**Heat Capacity**

**Heat Capacity, C, of a body is defined as the amount of heat (Q) required to raise its temperature (θ) by one degree, without going through a change of state.**- Amount of heat needed to raise the temperature of an object depends on the mass of the object.
- Heat capacity also depends on the material of the object. Some materials are harder to heat up than others. The molecules in a liquid such as water require more energy to move faster than copper atoms in a solid. So, in order to record 1°C increase in temperature, liquids would require more heat energy than solids.
- SI. unit of heat capacity is joule per kelvin (J K
^{-1}) or joule per degree Celsius (J °C^{-1}).

$C = \frac{Q}{\Delta \theta}$ , where

C = heat capacity (JK^{-1}, J°C^{-1})

Q = heat or thermal energy absorbed or released (J)

Δθ = change in temperature (K or °C)

Heat Capacity | Time to cool down/heat up | Reason |
---|---|---|

High | Longer | Need to lose more energy (cooling) or absorb more energy (heating) |

Low | Shorter | Need to lose less energy (cooling) or absorb less energy (heating) |

**Worked Example:**

In a simple experiment, 100 g of water requires 12 600 J of heat to raise it from 30 °C to 60 °C.

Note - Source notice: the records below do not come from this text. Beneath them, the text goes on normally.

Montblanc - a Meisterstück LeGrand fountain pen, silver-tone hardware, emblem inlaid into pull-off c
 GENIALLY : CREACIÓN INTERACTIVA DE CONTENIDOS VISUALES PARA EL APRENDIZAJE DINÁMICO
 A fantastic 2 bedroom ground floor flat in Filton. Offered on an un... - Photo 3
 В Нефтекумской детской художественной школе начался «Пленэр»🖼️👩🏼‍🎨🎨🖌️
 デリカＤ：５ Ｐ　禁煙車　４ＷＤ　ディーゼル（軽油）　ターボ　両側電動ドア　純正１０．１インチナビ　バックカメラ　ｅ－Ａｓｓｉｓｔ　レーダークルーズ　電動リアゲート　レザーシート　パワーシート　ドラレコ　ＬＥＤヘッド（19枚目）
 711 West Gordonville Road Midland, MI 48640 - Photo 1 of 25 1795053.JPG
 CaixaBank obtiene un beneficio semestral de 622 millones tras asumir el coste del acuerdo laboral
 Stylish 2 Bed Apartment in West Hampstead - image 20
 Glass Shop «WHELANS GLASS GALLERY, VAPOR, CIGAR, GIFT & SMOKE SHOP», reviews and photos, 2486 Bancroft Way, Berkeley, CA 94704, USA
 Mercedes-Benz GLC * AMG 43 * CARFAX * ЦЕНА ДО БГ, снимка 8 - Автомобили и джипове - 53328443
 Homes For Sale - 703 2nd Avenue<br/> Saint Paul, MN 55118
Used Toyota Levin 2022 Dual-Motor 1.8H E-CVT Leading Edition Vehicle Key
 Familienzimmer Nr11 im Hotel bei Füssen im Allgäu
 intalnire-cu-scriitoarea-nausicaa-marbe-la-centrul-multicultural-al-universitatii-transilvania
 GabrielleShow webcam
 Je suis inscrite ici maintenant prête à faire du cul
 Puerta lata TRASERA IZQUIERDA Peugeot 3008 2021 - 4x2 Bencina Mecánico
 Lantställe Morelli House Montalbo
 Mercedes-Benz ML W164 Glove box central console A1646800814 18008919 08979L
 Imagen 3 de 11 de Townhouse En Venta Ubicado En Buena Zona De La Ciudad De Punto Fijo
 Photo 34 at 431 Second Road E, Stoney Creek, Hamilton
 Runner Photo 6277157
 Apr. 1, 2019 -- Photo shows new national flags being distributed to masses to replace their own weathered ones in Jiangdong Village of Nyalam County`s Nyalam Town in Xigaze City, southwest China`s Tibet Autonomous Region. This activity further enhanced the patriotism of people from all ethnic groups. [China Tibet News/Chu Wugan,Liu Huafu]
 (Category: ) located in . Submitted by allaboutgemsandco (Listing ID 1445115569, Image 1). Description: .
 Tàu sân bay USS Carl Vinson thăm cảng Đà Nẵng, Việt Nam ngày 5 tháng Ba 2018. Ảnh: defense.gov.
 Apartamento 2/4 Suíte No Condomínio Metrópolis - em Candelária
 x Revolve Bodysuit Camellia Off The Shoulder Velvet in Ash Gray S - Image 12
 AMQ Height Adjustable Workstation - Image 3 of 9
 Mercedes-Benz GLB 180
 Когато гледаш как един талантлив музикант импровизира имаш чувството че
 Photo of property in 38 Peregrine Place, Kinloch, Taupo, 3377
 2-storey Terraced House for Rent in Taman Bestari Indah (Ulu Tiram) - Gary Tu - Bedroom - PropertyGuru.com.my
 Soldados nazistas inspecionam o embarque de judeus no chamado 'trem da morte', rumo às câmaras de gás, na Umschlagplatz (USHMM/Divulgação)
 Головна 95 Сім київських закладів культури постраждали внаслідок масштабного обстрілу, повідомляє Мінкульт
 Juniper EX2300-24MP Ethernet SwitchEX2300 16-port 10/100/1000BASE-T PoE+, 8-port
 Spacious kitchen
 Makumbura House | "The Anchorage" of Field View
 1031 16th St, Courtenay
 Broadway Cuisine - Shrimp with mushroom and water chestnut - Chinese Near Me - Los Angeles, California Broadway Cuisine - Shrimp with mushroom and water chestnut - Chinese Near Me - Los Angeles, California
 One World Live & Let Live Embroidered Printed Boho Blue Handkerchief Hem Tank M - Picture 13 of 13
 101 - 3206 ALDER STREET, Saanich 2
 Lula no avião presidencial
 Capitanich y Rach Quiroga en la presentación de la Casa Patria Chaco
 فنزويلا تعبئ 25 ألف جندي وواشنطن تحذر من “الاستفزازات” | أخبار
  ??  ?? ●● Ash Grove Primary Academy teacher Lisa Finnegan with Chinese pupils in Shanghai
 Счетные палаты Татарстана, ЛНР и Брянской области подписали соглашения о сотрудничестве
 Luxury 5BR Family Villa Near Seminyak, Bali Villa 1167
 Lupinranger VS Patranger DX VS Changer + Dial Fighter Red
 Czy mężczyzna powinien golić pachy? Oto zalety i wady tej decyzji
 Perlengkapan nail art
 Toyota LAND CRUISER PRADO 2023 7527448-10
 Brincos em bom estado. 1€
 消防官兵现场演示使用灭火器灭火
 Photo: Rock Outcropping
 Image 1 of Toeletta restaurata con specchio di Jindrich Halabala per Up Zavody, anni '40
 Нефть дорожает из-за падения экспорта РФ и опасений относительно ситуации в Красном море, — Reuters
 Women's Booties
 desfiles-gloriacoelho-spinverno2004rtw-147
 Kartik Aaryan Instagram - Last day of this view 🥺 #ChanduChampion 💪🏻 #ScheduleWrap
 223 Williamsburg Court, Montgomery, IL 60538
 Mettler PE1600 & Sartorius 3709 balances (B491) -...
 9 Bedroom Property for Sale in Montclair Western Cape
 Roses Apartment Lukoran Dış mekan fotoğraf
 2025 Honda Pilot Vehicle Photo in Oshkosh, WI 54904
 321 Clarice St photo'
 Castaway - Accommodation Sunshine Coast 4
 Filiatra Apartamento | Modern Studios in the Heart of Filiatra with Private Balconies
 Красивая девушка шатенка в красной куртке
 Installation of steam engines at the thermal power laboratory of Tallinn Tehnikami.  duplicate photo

i) Find the heat capacity of 100 g of water.

ii) Find the heat capacity of 1000 g of water.

iii) Find the heat needed to raise 1000 g of water from 30 °C to 40 °C.

**Show/Hide Answer**

i) $C = \frac{Q}{\Delta \theta} = \frac{12600}{30}$

C = 420 JK^{-1}

ii) Since 1000 g of water has 10 times the mass of 100 g of water, the heat capacity of 1000 g of water = 10 times the heat capacity of 100 g of water.

Hence, C for 1000 g of water = 4200 JK^{-1}

iii) Heat needed, $Q = C \Delta \theta = 4200 (40 – 30) = 42000 J$

In the question, The answer is given in J/K-1 but the values in statement are in Degree Celsius.

The fundamental intervals [the difference between the lower and upper fixed points] between the Kelvin and Celsius scales are the same, that’s the two temperature scales are are devided into 100 equal parts. This means that temperature difference between both the two Scales will always be the same and in solving problems concerning Heat Capacity we are only interested in the temperature change not the Scales.